Posted by Muthu Jayakumar <ba...@gmail.com>.
>I am running a spark job with 20 cores but i did not understand why my
application get 1-2 cores on couple of machines why not it just run on two
nodes like node1=16 cores and node 2=4 cores . but cores are allocated like
node1=2 node =1---------node 14=1 like that.

I believe that's the intended behavior for spark. Please refer to
https://spark.apache.org/docs/latest/spark-standalone.html#cluster-launch-scripts
section on 'spark.deploy.spreadOut' mode.If I understand correctly, you may
want " spark.deploy.spreadOut  false".

Hope it helps!

Happy Spark(ing).

On Thu, Jul 25, 2019 at 7:22 PM Srikanth Sriram <
sriramsrikanth1985@gmail.com> wrote:

> Hello,
>
> Below is my understanding.
>
> The default configuration parameters which will be considered by the spark
> job if these are not configured at the time of submitting job to the
> required values.
>
> # - SPARK_EXECUTOR_INSTANCES, Number of workers to start (Default: 2)
> # - SPARK_EXECUTOR_CORES, Number of cores for the workers (Default: 1).
> # - SPARK_EXECUTOR_MEMORY, Memory per Worker (e.g. 1000M, 2G) (Default: 1G)
>
> SPARK_EXECUTOR_INSTANCES -> indicates the number of workers to be started,
> it means for a job maximum this many number of executors it can ask/take
> from the cluster resource manager.
>
> SPARK_EXECUTOR_CORES -> indicates the number of cores in each executor, it
> means the spark TaskScheduler will ask this many cores to be
> allocated/blocked in each of the executor machine.
>
> SPARK_EXECUTOR_MEMORY -> indicates the maximum amount of RAM/MEMORY it
> requires in each executor.
>
> All these details are asked by the TastScheduler to the cluster manager
> (it may be a spark standalone, yarn, mesos and can be kubernetes supported
> starting from spark 2.0) to provide before actually the job execution
> starts.
>
> Also, please note that, initial number of executor instances is dependent
> on "--num-executors" but when the data is more to be processed and
> "spark.dynamicAllocation.enabled" set true, then it will be dynamically add
> more executors based on "spark.dynamicAllocation.initialExecutors".
>
> Note: Always "spark.dynamicAllocation.initialExecutors" should be
> configured greater than "--num-executors".
> spark.dynamicAllocation.initialExecutors
> spark.dynamicAllocation.minExecutors Initial number of executors to run
> if dynamic allocation is enabled.
>
> If `--num-executors` (or `spark.executor.instances`) is set and larger
> than this value, it will be used as the initial number of executors.
> spark.executor.memory 1g Amount of memory to use per executor process, in
> the same format as JVM memory strings with a size unit suffix ("k", "m",
> "g" or "t") (e.g. 512m, 2g).
> spark.executor.cores 1 in YARN mode, all the available cores on the
> worker in standalone and Mesos coarse-grained modes.

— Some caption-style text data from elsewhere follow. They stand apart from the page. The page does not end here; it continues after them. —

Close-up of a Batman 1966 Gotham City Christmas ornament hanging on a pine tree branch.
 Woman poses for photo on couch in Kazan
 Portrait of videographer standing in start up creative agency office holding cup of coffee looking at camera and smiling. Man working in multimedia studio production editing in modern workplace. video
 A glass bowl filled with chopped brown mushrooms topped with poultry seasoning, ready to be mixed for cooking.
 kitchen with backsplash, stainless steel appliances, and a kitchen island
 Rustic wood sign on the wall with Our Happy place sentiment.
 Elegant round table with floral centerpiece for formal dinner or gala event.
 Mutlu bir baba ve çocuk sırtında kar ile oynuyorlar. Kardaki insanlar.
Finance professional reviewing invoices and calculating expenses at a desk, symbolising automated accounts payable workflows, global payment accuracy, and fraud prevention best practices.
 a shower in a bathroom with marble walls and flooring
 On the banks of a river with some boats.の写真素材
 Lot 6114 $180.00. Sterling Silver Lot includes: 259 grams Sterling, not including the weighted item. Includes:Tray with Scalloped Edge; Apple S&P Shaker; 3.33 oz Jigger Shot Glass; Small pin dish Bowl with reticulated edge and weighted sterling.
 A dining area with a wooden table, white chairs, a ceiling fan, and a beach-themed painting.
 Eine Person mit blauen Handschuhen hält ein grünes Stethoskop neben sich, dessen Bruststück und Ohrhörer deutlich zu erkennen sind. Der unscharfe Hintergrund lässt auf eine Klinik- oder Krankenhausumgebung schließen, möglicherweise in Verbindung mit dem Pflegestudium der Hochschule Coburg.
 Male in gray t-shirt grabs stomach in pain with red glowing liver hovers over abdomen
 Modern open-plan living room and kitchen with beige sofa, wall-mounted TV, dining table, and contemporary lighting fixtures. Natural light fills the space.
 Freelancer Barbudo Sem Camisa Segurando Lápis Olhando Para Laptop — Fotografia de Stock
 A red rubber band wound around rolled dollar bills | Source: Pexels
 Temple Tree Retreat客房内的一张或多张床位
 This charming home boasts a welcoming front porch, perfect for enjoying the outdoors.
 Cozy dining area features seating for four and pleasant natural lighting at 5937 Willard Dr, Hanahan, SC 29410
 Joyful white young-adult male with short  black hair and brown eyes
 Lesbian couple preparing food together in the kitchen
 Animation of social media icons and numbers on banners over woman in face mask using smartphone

The number of cores
> to use on each executor. In standalone and Mesos coarse-grained modes, for
> more detail, see this description
> <http://spark.apache.org/docs/latest/spark-standalone.html#Executors%20Scheduling>
> .
>
> On Thu, Jul 25, 2019 at 5:54 PM Amit Sharma <re...@gmail.com> wrote:
>
>> I have cluster with 26 nodes having 16 cores on each. I am running a
>> spark job with 20 cores but i did not understand why my application get 1-2
>> cores on couple of machines why not it just run on two nodes like node1=16
>> cores and node 2=4 cores . but cores are allocated like node1=2 node
>> =1---------node 14=1 like that. Is there any conf property i need to
>> change. I know with dynamic allocation we can use below but without dynamic
>> allocation is there any?
>> --conf "spark.dynamicAllocation.maxExecutors=2"
>>
>>
>> Thanks
>> Amit
>>
>
>
> --
> Regards,
> Srikanth Sriram
>

Re: Core allocation is scattered

Posted by Srikanth Sriram <sr...@gmail.com>.
Hello,

Below is my understanding.

The default configuration parameters which will be considered by the spark
job if these are not configured at the time of submitting job to the
required values.

# - SPARK_EXECUTOR_INSTANCES, Number of workers to start (Default: 2)
# - SPARK_EXECUTOR_CORES, Number of cores for the workers (Default: 1).
# - SPARK_EXECUTOR_MEMORY, Memory per Worker (e.g. 1000M, 2G) (Default: 1G)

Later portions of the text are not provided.